Immunofluorescence was used to identify the NSCs in conjunction with specific markers Nestin, Sox 2 (sex determining region Y–box 2) and Pax 6 (paired box protein Pax-6). NSCs were seeded onto 100 μg/ml poly-L-lysine-coated coverslips and allowed to incubate for 24 h. The cells were then fixed with 4% paraformaldehyde for 10 min and washed three times in PBS buffer. The cells were permeabilized with 0.125% Triton X-100 for 10 min and then washed three times in PBS buffer. The cells were then blocked with 10% normal goat serum for 30 min. Mouse NSCs were then incubated with Nestin, Sox 2 and Pax 6 antibodies in a humidified chamber at 4°C overnight. After three PBS buffer washes, the cells were incubated with Cy5.5-labelled secondary antibodies at room temperature for 1 h, the cells were rinsed three times with PBS buffer. Finally, nuclei were labelled by incubating with DAPI (Sigma). The cells were examined using a phase-contrast fluorescence microscope (Olympus).
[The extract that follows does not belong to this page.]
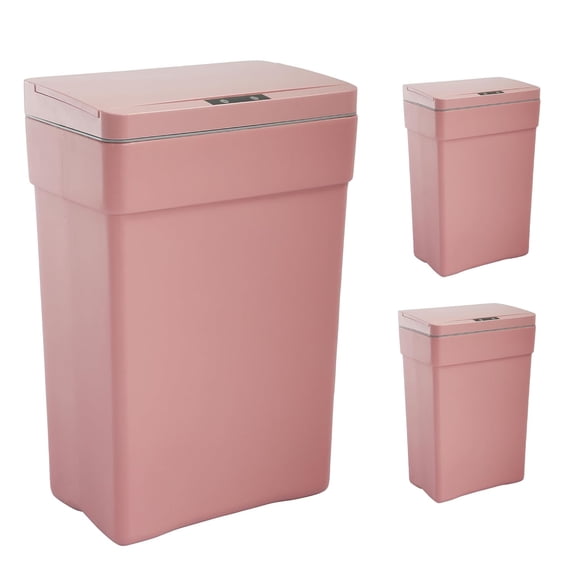 CL.HPAHKL 13 Gallon Motion Sensor Waste Bin, 50L High-Capacity Plastic Garbage Can with Lid, Touchless Automatic Trash Can for Home Office, Kitchen, Bedroom (3, Pink)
Assay of luciferase activity

The 3′-UTR fragments for Notch 1 were generated by PCR using the following primers: 5′-cttggagtgtggtttggttca-3′ and 5′-tcaggctcagagagggcat-3′and cloned into the psiCHECK-2 vector (Promega) downstream from the Renilla luciferase cassette. The predicted miR-146-binding site was mutated using the QuikChange II XL Site-Directed Mutagenesis Kit (Stratagene). Human embryonic kidney (HEK)293T cells were grown in a 96-well plate and co-transfected with the luciferase reporter vector together with a miRNA precursor or a negative control (20 nM; Ambion) using Attractene (Qiagen) according to the manufacturer's instructions. Activities of firefly and Renilla luciferase were analysed using the Dual-Luciferase Reporter Assay System (Promega) 24 h after transfection.
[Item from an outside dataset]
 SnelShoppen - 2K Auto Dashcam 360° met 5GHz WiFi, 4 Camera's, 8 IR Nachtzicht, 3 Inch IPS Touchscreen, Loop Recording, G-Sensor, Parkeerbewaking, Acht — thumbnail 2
Expression of small RNAs by recombinant lentivirus

The pre-miR-146 sequence and Notch 1 shRNA were synthesized by Sangon Biotech (Shanghai), cloned into a lentiviral vector and then used to recombine lentivirus in HEK293F cells. The lentivirus, designated as pCMV-SM30, also expressed GFP as a marker for monitoring infection efficiency. Analogous lentivirus expressing only monomeric GFP was used as a control. Real-time PCR was used to evaluate the expression level of miR-146 after virus infection. miRNAs were isolated from cells using a microRNA isolation kit (Applied Biosystems) according to the manufacturer's instructions. cDNA synthesis was performed using the High-Capacity cDNA Synthesis Kit (Applied Biosystems) with 2 ng of RNA as a template. The miRNA sequence-specific reverse-transcription PCR primers for miR-146 and endogenous control U6 were purchased from Ambion. Real-time PCR analysis was performed using the Applied Biosystems 7500 real-time PCR system. The gene expression threshold cycle (CT) values of miRNAs from each sample were calculated by normalizing the samples to the internal control U6 and relative quantitation values were plotted.

Western blotting

Notch 1, the target gene of miR-146, was detected by western blot analysis following overexpression of miR-146 and shRNA. Cells were lysed using M-PER Protein Extraction Reagent (Pierce) supplemented with a protease inhibitor cocktail (PMSF). Protein concentrations of the extracts were measured using the BCA assays (Pierce) and equalized with extraction reagent. Equal amounts of extracts were loaded and subjected to SDS/PAGE, followed by transfer onto nitrocellulose membranes. Specific antibodies and horseradish peroxidase-coupled secondary antibodies were purchased from Santa Cruz. Membranes were probed using ultra-ECL western blotting detection reagents. Glyceraldehyde-3-phosphate dehydrogenase (GAPDH) was used as an internal control.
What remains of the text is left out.